[[ Supplied entries open ]]
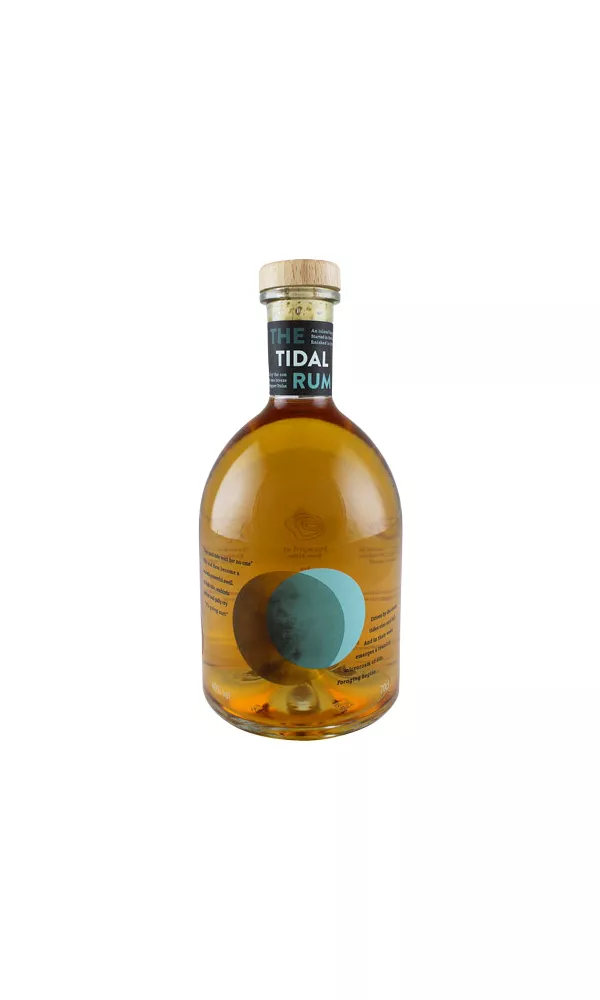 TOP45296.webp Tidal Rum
[[ Supplied entries closed ]]
[[ Supplied entries open ]]
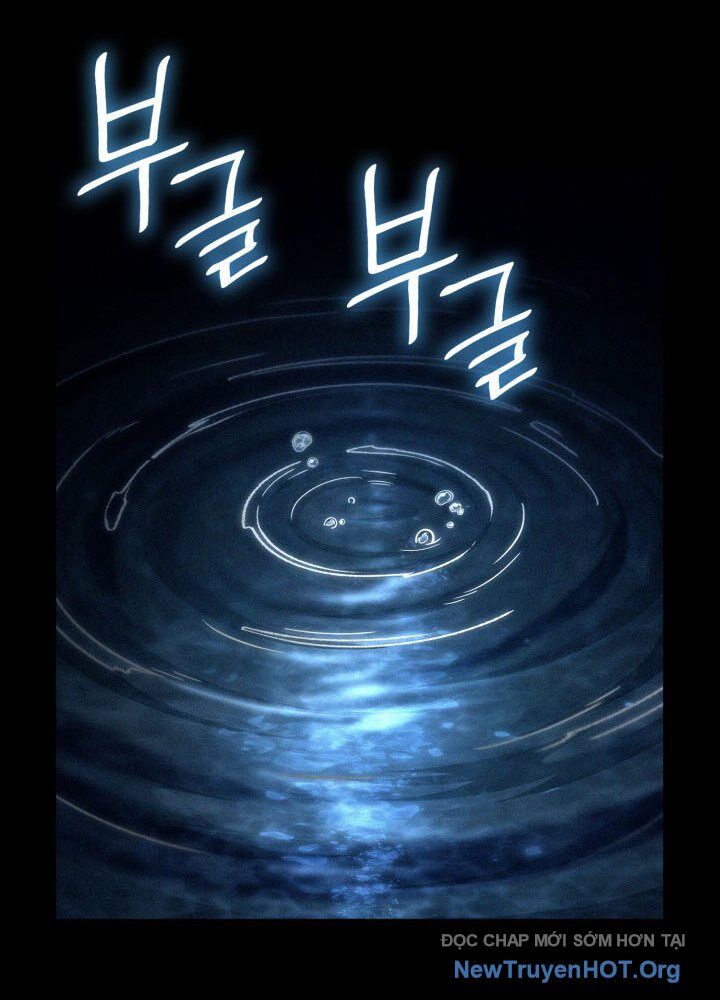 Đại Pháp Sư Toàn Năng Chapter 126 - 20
[[ Supplied entries closed ]]
[[ Supplied entries open ]]
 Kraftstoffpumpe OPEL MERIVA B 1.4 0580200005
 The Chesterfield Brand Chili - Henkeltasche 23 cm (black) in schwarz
[[ Supplied entries closed ]]
Using the records above, restate word for word the lines from the one with "Kraftstoffpumpe OPEL MERIVA B 1.4 0580200005" through the one with "The Chesterfield Brand", both included.

### Solution
 Kraftstoffpumpe OPEL MERIVA B 1.4 0580200005
 The Chesterfield Brand Chili - Henkeltasche 23 cm (black) in schwarz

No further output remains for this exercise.